** Opening DATA PROVIDED block **

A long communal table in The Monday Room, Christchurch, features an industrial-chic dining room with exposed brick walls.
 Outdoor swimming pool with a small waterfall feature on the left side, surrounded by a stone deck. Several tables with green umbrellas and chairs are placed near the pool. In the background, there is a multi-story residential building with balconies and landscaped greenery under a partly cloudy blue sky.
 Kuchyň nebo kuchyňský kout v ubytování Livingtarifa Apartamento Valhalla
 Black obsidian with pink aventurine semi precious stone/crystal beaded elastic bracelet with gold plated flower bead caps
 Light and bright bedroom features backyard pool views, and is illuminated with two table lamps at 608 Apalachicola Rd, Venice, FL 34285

** Closing DATA PROVIDED block **

You are asked to reproduce word for word the line containing "Black obsidian with" and every subsequent line through the end of the entries.

 Black obsidian with pink aventurine semi precious stone/crystal beaded elastic bracelet with gold plated flower bead caps
 Light and bright bedroom features backyard pool views, and is illuminated with two table lamps at 608 Apalachicola Rd, Venice, FL 34285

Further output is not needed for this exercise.